See, you couldn't short stocks in China. Without investors scouring the market for weaknesses, those same housewives, cab drivers, and fishmongers have been treated to nothing but good news. That made them overconfident, overzealous, and now overexposed to an unquestionably richly valued basket of stocks.
It won't be that way for long ...
China's Security Regulatory Commission -- fearing a stock market crash -- was reluctant to stop them. That's why the country held off for so long on allowing investors to short stocks.
But it's gotten so bad in China that the CSRC finally approved shorting at the end of September. To me, this indicates that the CSRC believed all optimism has been purged from the marketplace. When that happens, we've reached the point of maximum pessimism -- the precise time that master international investor Sir John Templeton would have told you to invest.
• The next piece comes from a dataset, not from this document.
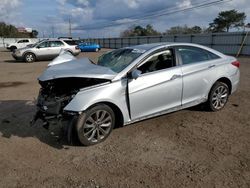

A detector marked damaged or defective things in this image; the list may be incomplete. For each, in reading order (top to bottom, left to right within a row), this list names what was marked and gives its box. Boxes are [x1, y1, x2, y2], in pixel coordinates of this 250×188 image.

And you should consider that. Because though Chinese stocks have rebounded from their lows, many are still available for lower multiples than we've seen previously. For example, fast-growing companies such as Fushi Copperweld (Nasdaq: FSIN ) and RINO International (Nasdaq: RINO ) are selling for less than 15 times earnings.
Get ready to buy
That's why you should be licking your chops.
China's rapid economic growth will be the global economic story of the next 10 to 20 years. The opportunities are huge, and the country is growing richer by the day. In fact, our Motley Fool Global Gains international investing team recently returned from a research trip to China, where we were almost universally impressed by the companies we met with and the growth trajectories they displayed.
That does not mean, however, that we'd be willing to pay any price to own them. Today, however, thanks to the decline in the Chinese market, we're looking hard at a long list of Chinese stocks. To see what we're recommending, click here to try Global Gains free for 30 days. There is no obligation to subscribe.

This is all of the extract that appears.